Launching CUDA Functions: CUDA Introduction Part 1

Author: Greg Gutmann
Affiliation: Tokyo Institute of Technology, Nvidia University Ambassador, Nvidia DLI 

Prerequisites: some C/C++ familiarity and technical background, or good Googling skills.

Introduction

Many have discussed the benefits of using GPU vs. CPU already. Here is a post from Medium that discusses GPU in a clear and simple manner, they also link to a nice video by the Myth Busters, Adam Savage and Jamie Hyneman.

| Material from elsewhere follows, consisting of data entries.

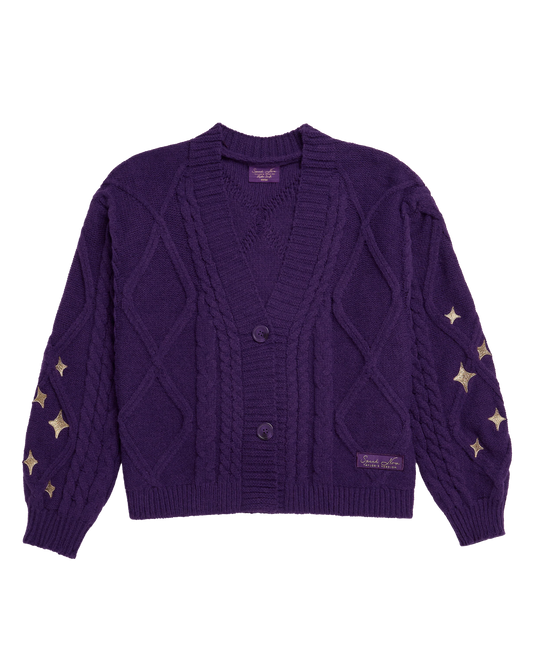 Speak Now (Taylor's Version) Cardigan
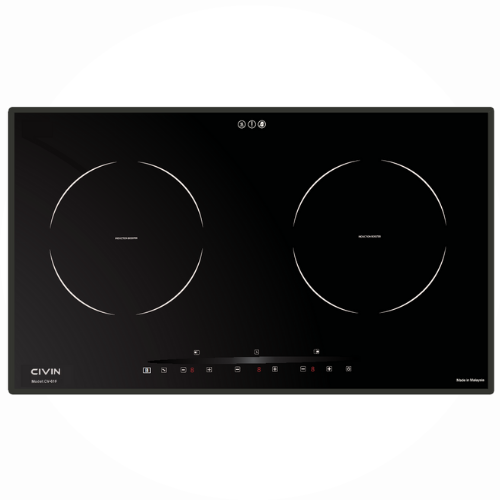 Bếp từ đôi CV-616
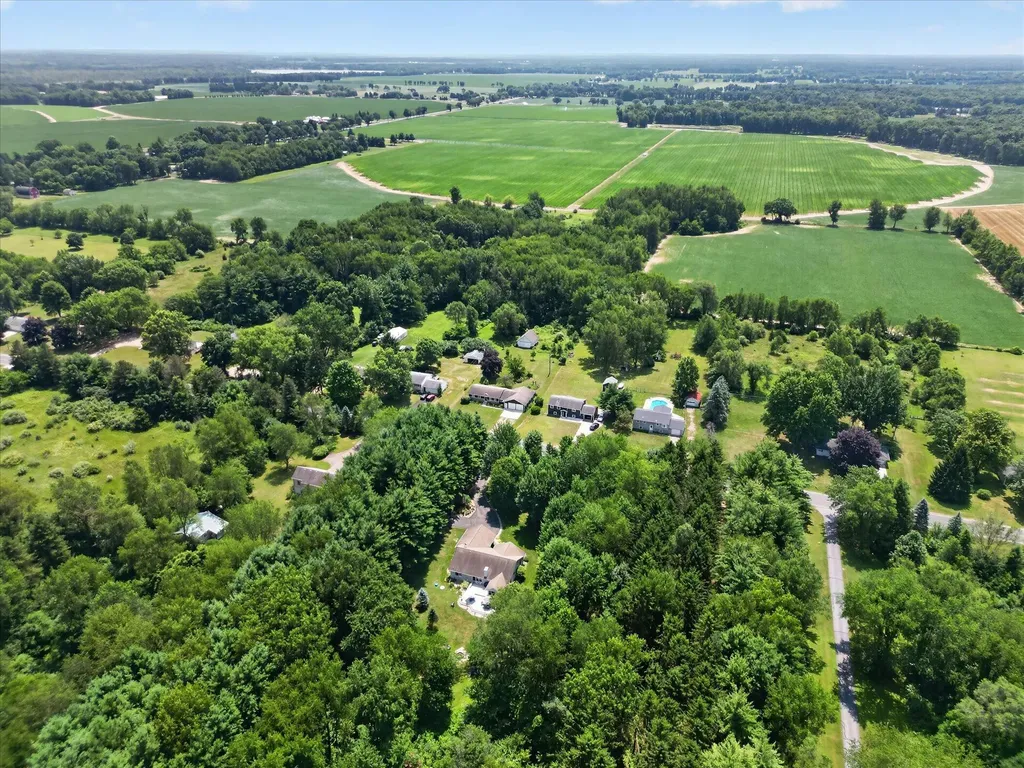 4356 E Y Avenue Schoolcraft Township MI 49097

Post: https://medium.com/altumea/gpu-vs-cpu-computing-what-to-choose-a9788a2370c4
Video: https://www.youtube.com/watch?v=-P28LKWTzrI

I may discuss GPU vs. CPU from a low-level perspective in the future, which has not been done as much. But for the purpose of this post that will not be needed. This post aims at getting you coding right away.

I used Windows for writing the samples for this post, they should run on Linux with little or no changes though. I will save the comparison of running CUDA code on Windows vs. Linux for a future post as well. 

Using NVCC: Nvidia’s CUDA Compiler

NVCC is a C/C++ compiler with regards to the host code. Therefore, programming in either language’s style, or a mix of the two, is accepted by the compiler. For example, the following two code samples can both be compiled with NVCC. 

// Programming style: C
// File name: CUDA_c.cu
// Compiler command: nvcc CUDA_c.cu
#include 

int main()
{
   // printf() displays the string inside quotation
   printf("Hello, World!\n");
   return 0;
}

// Programming style: C++
// File name: CUDA_cpp.cu
// Compiler command: nvcc CUDA_cpp.cu
#include 

int main() 
{
   // cout displays the string inside quotation
   std::cout << "Hello, World!\n";
   return 0;
}

The result of compiling these will produce an executable a.exe
Alternatively the following compile command with -o could be used to name the produced executable.

nvcc CUDA_c.cu -o myApp

myApp.exe will be the result on Windows.

Writing CUDA Code that Runs on the GPU

Lets start with defining some terms then on to code:

  • device = GPU
  • host = CPU
  • kernel = a GPU function that is called from the CPU

#include 

// __global__ keyword specifies a device kernel function
__global__ void kernelA(){
	printf("Hello, from the GPU!\n");
}

int main()
{
	printf("Hello, from the CPU!\n");
	
	// Set which device should be used
	// The code will default to 0 if not called though
	cudaSetDevice(0);

	// Call a device function from the host: a kernel launch
	// Which will print from the device
	kernelA <<<1,1>>>();

	// This call waits for all of the submitted GPU work to complete
	cudaDeviceSynchronize();

   return 0;
}

Sample’s output

Hello, from the CPU!
Hello, from the GPU!

The sample here shows everything that is needed to run code on a GPU, and a few things that are recommended. You may have noticed the code sample only prints out lines of text though.

The required parts are:

  • Using the __global__ keyword for the functions that will be called from the host and run on the device
  • Using the <<< , >>> angle brackets to mark a call from host code to device code

The recommended parts are:

  • Calling cudaSetDevice(int  device); to specify which device should be used
  • Calling cudaDeviceSynchronize(); after the kernel call, to ensure the device code completes before the main code returns. Kernel launches are asynchronous, meaning the host does not wait for the kernel to return before continuing on.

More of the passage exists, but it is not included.